Updated | A court sentenced a British woman, the first to join ISIS and return to the U.K., to six years in prison on Monday for becoming a member of the Islamic State militant group.
In October 2014, Tareena Shakil, 26, traveled with her son to ISIS's de-facto capital of Raqqa in Syria after telling her family that she was going on holiday to Turkey, before returning to Britain.
Birmingham Crown Court sentenced her to six years after she was found guilty of becoming a member of an extremist group and encouraging acts of extremism on social media.
Shakil claimed that she only wished to travel to Syria to live under Sharia law, the strict strand of Islam imposed by ISIS in its self-proclaimed caliphate.
The sentencing judge, Melbourne Inman, said that Shakil showed no remorse that her son may have become an ISIS militant in the future.
He said that she told "lie after lie" and called photographs of her child with weapons and an ISIS hat "abhorrent".
"You were well aware that the future which you had subjected your son to was very likely to be indoctrination and thereafter life as a terrorist fighter," he said.
In Raqqa, Shakil stayed in a house with other women and posed in photographs with assault rifles and handguns.

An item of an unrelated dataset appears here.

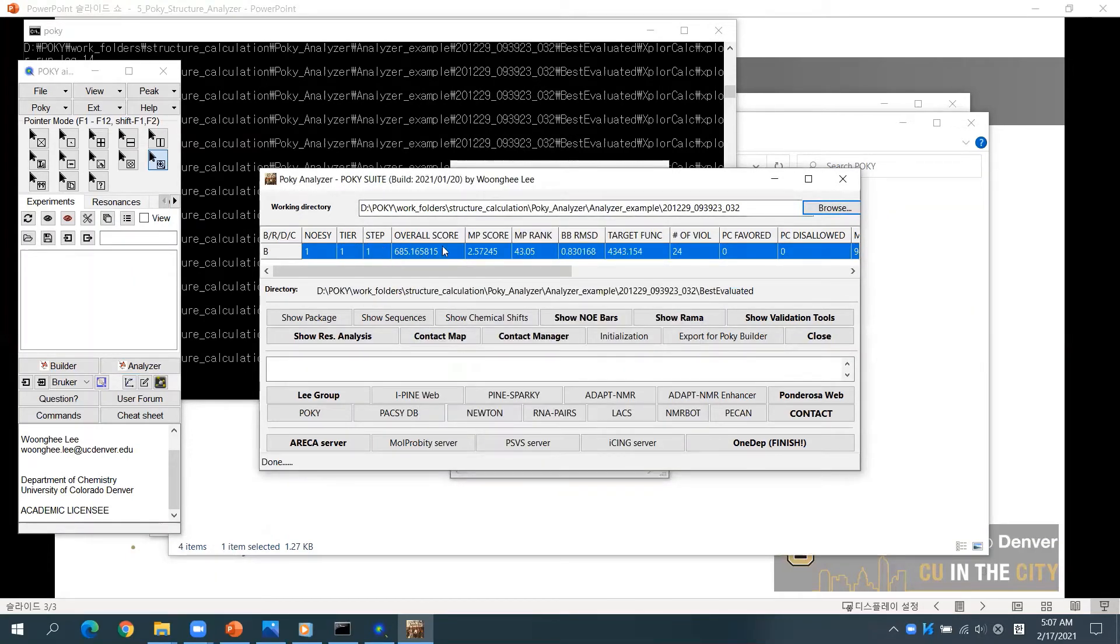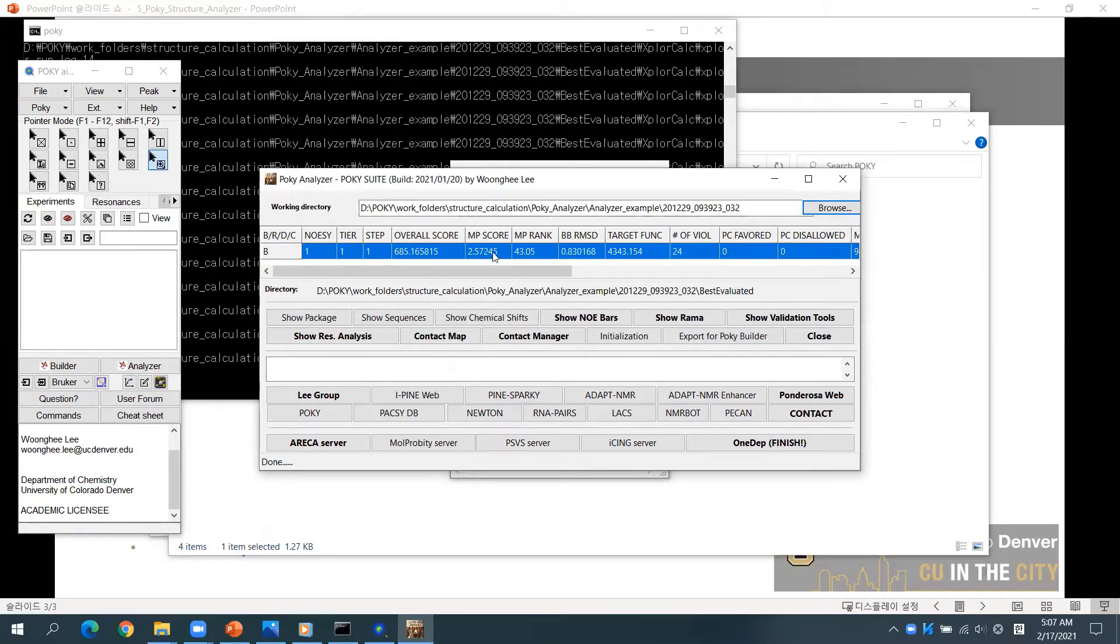Then you will find brief statistics including the overall score, model probability score, backbone RMSD, the number of violations, and so on.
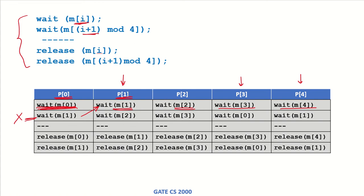p1 meanwhile is waiting for m2 which has been acquired by p2. p2 is waiting for m3 which has been acquired by p3, and p3 is waiting for m0 which has been acquired by p0 again. And p4 is waiting for m1 which has been acquired by p1.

In a message to a relative, she wrote: "I left to build us all a house in heaven, Allah promised us heaven if we sacrifice our worldly life. I'm not coming back."
She then started to repeatedly search "I want to leave ISIS" from January 2015 onwards before she fled Raqqa, traveling with her son to the Turkish border, evading ISIS patrols and handing themselves in to the Turkish military, the Birmingham court heard.